* [Working data]
====

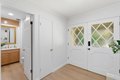 Additional image 9 of 1155 Lockhaven Way, San Jose, CA, 95129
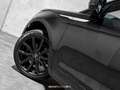Land Rover Range Rover Evoque 2.0 P200 AWD R-Dynamic Noir - thumbnail 14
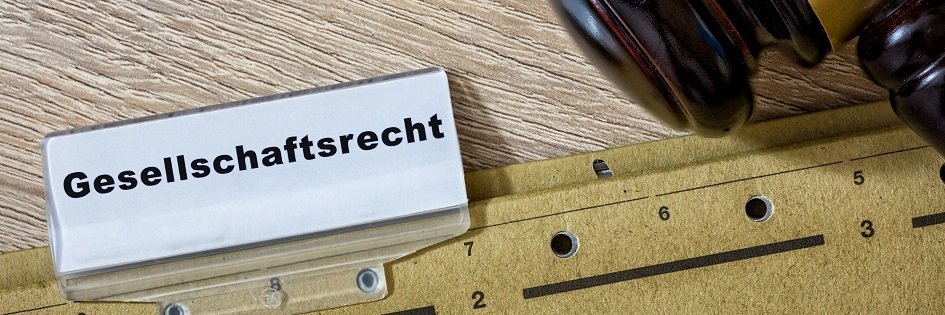 Kopfbild zum Artikel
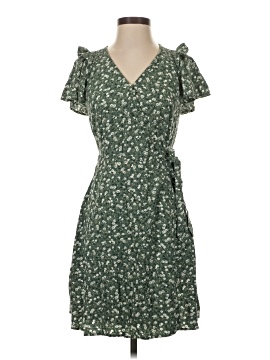 Universal Thread Casual Dress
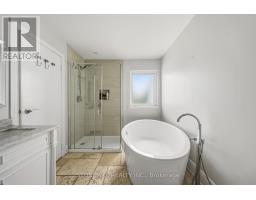 81 - 2155 South Millway, Mississauga, ON L5L3S1 Photo 17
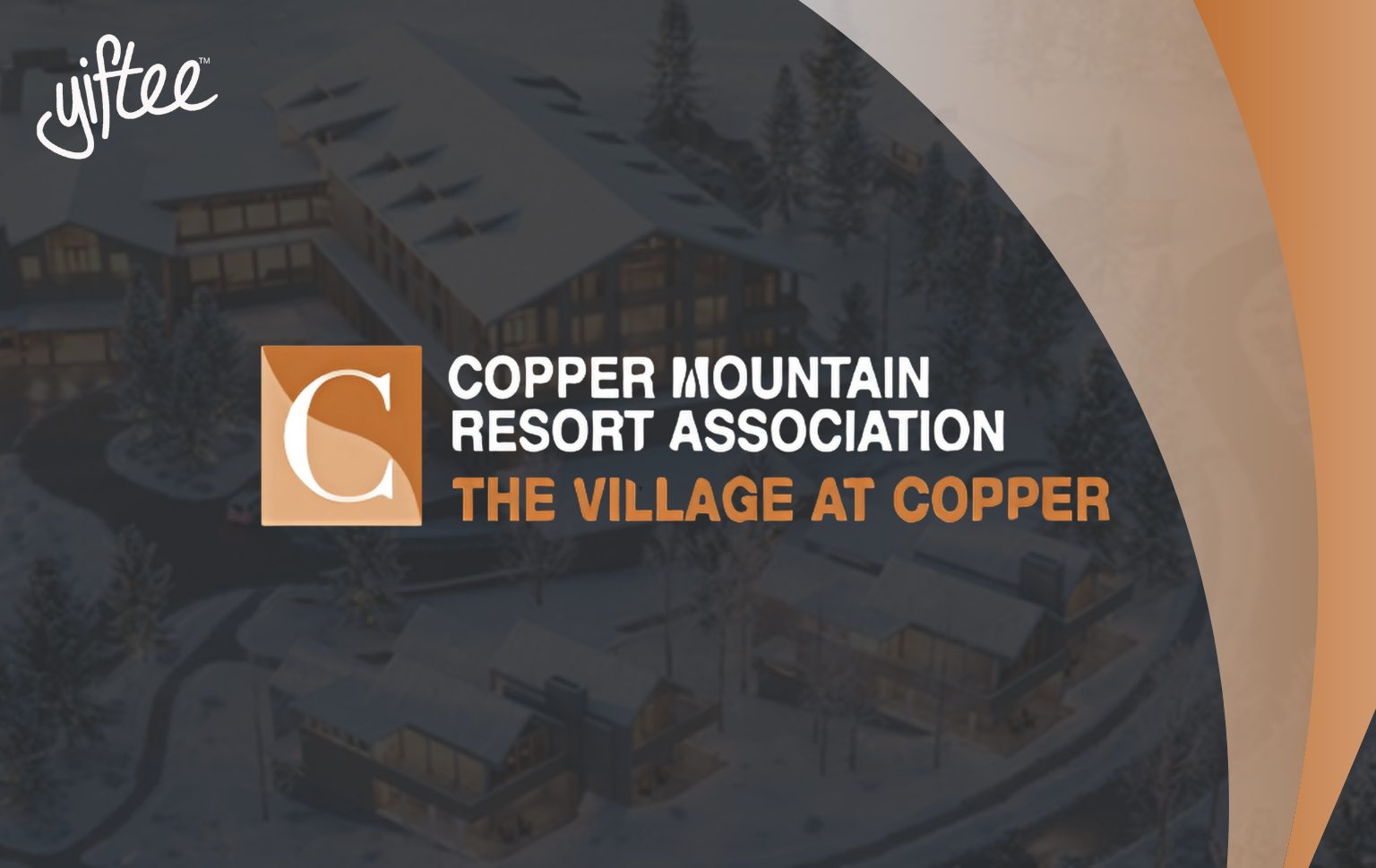 Copper Cash Gift Card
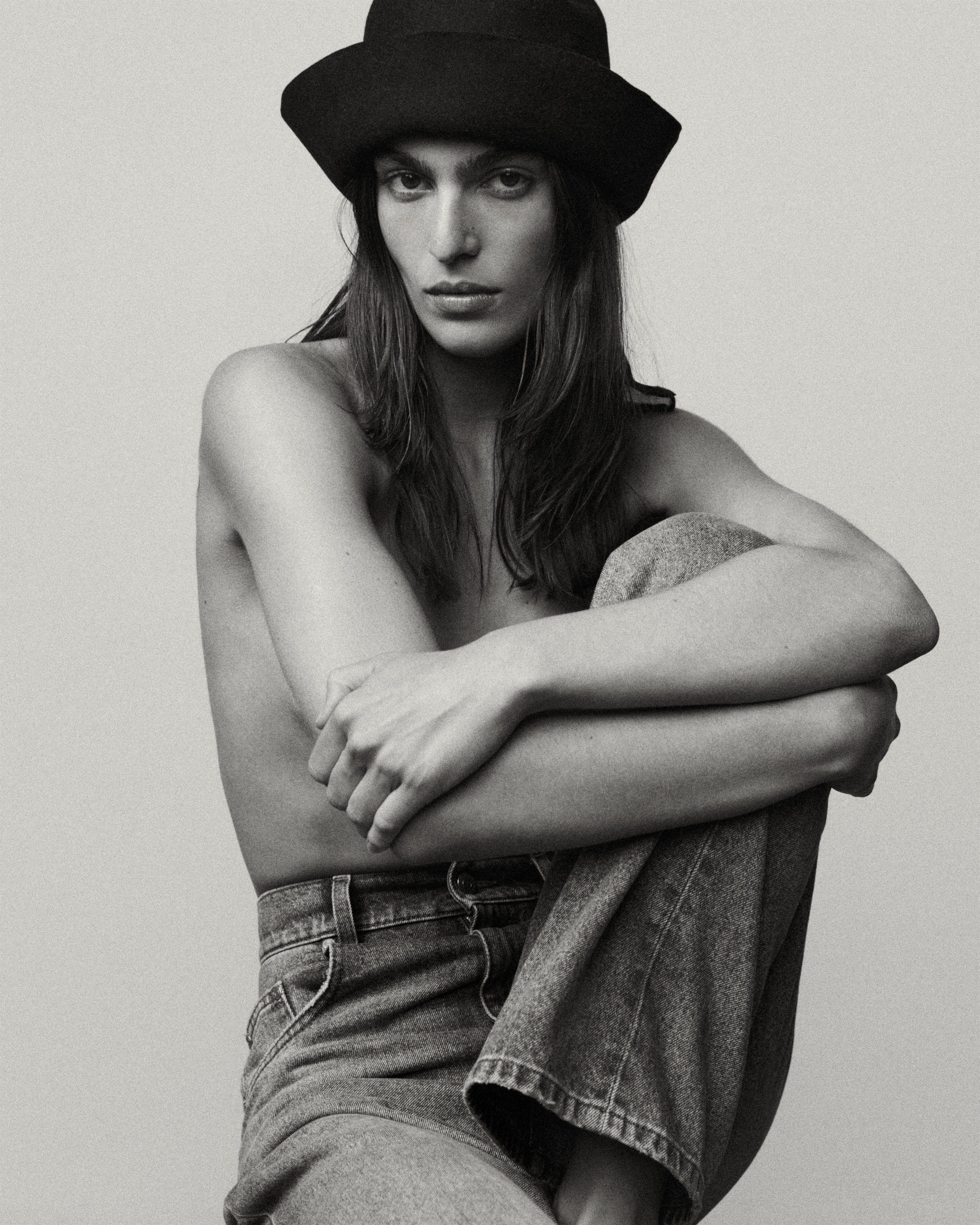 SOFIA PALLADINO photo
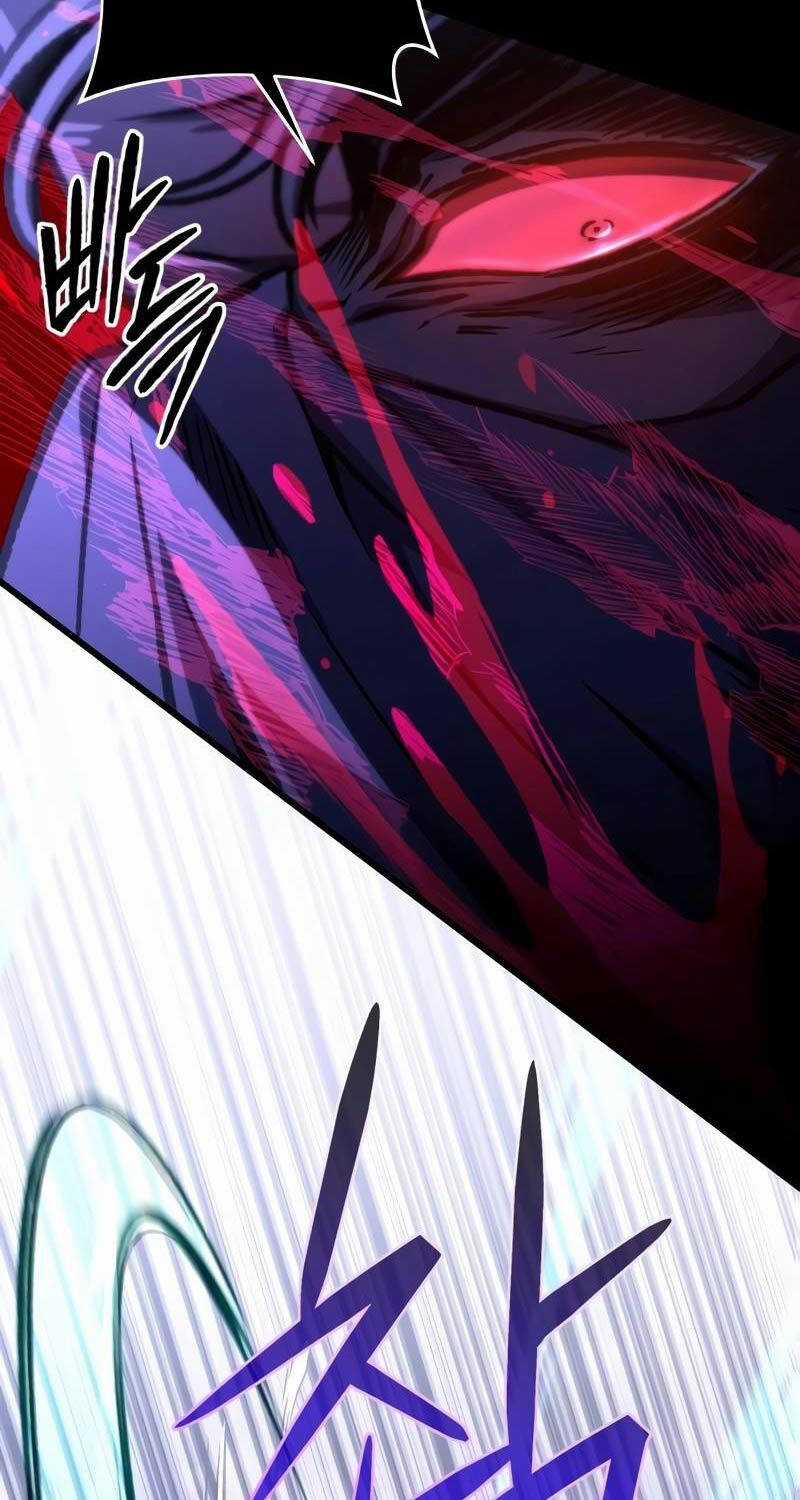 Sát Thủ Thiên Tài Đơn Độc Chapter 36 trang 62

====

* [Prompt]
Only the lines from the one containing "SOFIA PALLADINO photo" to the end of the listing belong in the answer, exactly as they stand and with no pictures.

* [The answer]
 SOFIA PALLADINO photo
 Sát Thủ Thiên Tài Đơn Độc Chapter 36 trang 62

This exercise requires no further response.